Jul
29
Intelligent Life in Big Data
Filed Under B2B, Blog, data protection, Financial services, healthcare, Industry Analysis, internet, privacy, Search, semantic web, Uncategorized, Workflow | 1 Comment
When a movement in this sector gets a name, then it gets momentum. The classic is Web 2.0; until Tim O’Reilly invented it, no one knew what the the trends they had been following for years was called. Similarly Big Data: now we can see it in the room we know what it is for and can approach it purposefully. And we know it is an elephant in this room, for no better reason than the fact that Doug Cutting called his management and sorting system for large, various, distributed, structured and unstructured data Hadoop – after his small boy’s stuffed elephant. And this open source environment, now commercialized by Yahoo, who developed it over the previous five years on top of Google’s open source MapReduce environment, is officially named HortonWorks, in tribute to the elephant from Dr Seuss who Hadoop really was. With me so far? Ten years of development since the early years of Google, resulting in lots of ways to agglomerate, cross search and analyse very large collections of data of various types. Two elephants in the room (only really one), and it is Big Search that is leading the charge on Big Data.

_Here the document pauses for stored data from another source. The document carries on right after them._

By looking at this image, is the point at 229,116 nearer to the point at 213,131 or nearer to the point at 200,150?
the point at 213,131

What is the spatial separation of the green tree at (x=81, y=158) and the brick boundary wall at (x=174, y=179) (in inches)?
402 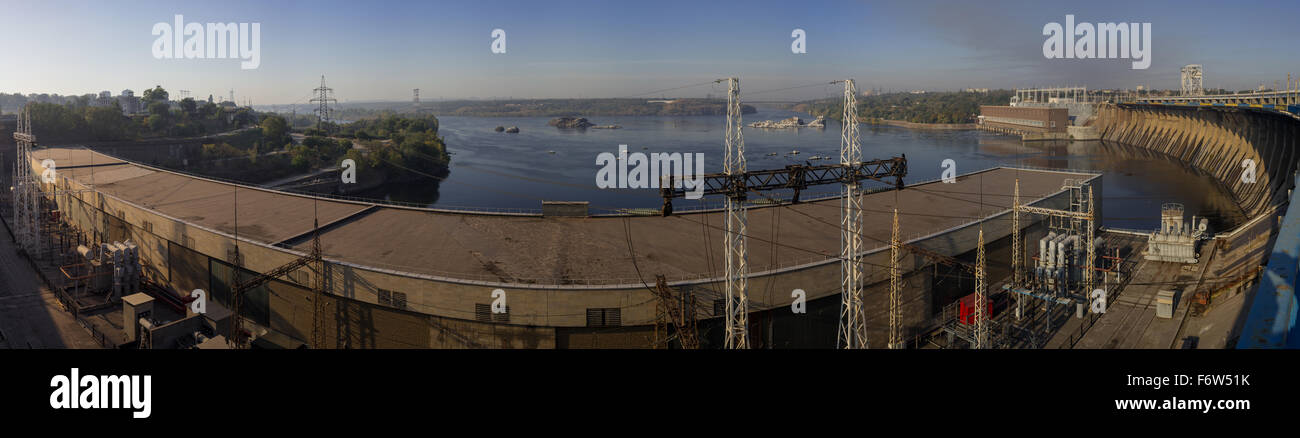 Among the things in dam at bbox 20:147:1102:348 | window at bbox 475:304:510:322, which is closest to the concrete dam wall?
dam at bbox 20:147:1102:348

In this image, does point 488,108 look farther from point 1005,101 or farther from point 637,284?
point 637,284

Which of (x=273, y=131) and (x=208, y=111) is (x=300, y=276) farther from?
(x=208, y=111)

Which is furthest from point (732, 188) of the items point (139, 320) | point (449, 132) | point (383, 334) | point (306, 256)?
point (449, 132)

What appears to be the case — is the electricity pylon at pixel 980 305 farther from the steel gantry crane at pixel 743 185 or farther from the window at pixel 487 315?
the window at pixel 487 315

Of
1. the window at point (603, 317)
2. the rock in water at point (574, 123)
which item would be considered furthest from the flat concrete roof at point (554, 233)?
the rock in water at point (574, 123)

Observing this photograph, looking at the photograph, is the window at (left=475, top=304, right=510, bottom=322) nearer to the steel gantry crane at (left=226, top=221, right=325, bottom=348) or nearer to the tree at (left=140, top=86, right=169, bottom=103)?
the steel gantry crane at (left=226, top=221, right=325, bottom=348)

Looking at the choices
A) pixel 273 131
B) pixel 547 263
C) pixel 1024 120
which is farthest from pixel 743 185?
pixel 1024 120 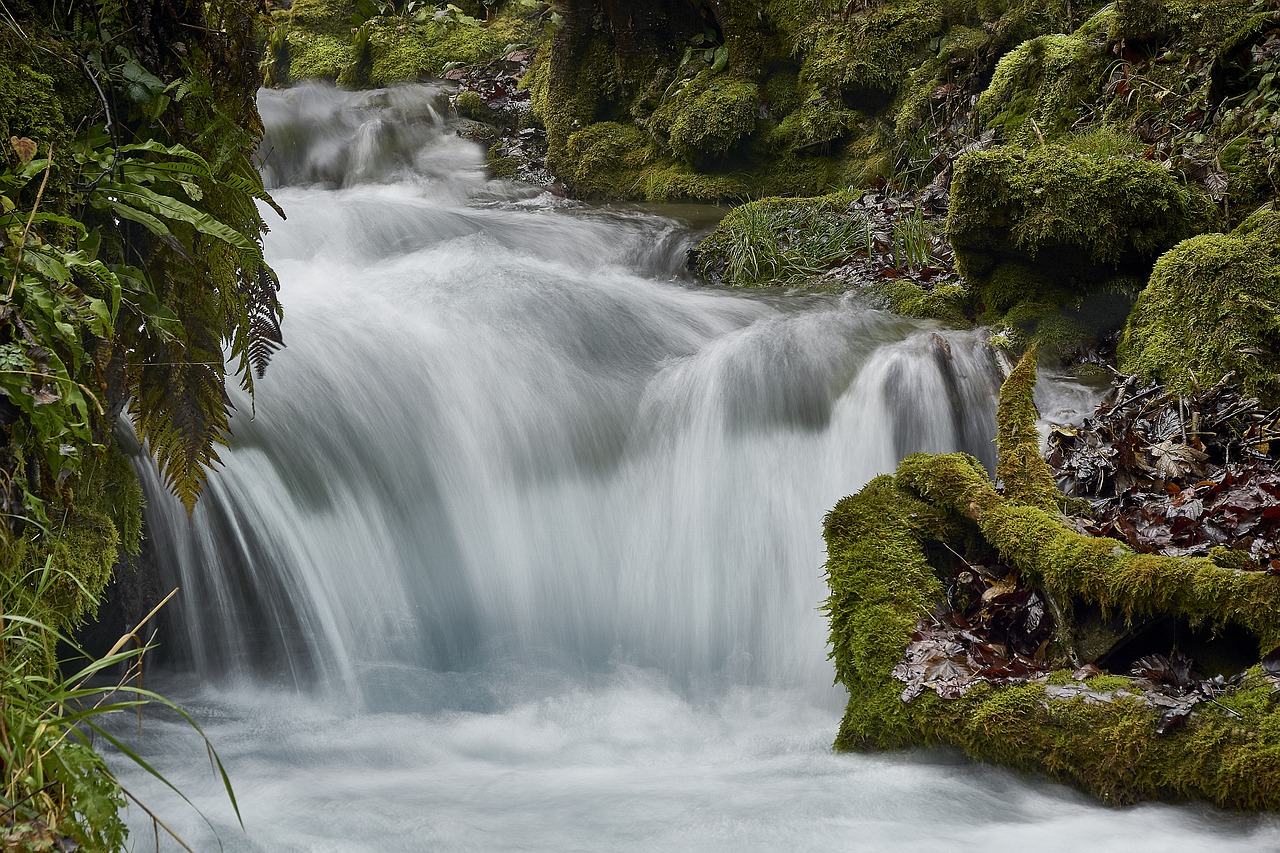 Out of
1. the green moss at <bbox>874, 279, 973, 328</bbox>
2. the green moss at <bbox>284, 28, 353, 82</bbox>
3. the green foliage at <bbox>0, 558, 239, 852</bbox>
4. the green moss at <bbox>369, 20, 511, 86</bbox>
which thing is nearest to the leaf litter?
the green moss at <bbox>874, 279, 973, 328</bbox>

So what is Big Data? Apparently, data at such a scale that its very size is the first problem encountered in handling it. And why has it become an issue? Mostly because we want to distill real intelligence from searching vast tracks of stuff, despite its configuration, but we do not necessarily want to go to the massive expense of putting it all together in one place with common structures and metadata – or ownership prevents us from doing this even if we could afford it. We have spent a decade in refining and acquiring intelligent data mining tools (the purchase of ClearForest by Reuters, as it was then, first alerted me to the implications of this trend 5 years ago). Now we have to mine and extract, using our tools and inference rules and advanced taxonomic structures to find meaning where it could not be seen before. So in one sense Big Data is like reprocessing spoil heaps from primary mining operations: we had an original purpose in assembling discreet collections of data and using them for specific purposes. Now we are going to reprocess everything together to discover fresh relationships between data elements.
What is very new about that? Nothing really. Even in this blog we discussed (https://www.davidworlock.com/2010/11/here-be-giants/) the Lexis insurance solution for risk management. We did it in workflow terms, but clearly what this is about is cross-searching and analysing data connections, where the US government files, insurer’s own client records, Experian’s data sets, and whatever Lexis has in Choicepoint and its own huge media archive, are elements in conjecturing new intelligence from well-used data content. And it should be no surprise to see Lexis launching its own open source competitor to all those elephants, blandly named Lexis HPCC.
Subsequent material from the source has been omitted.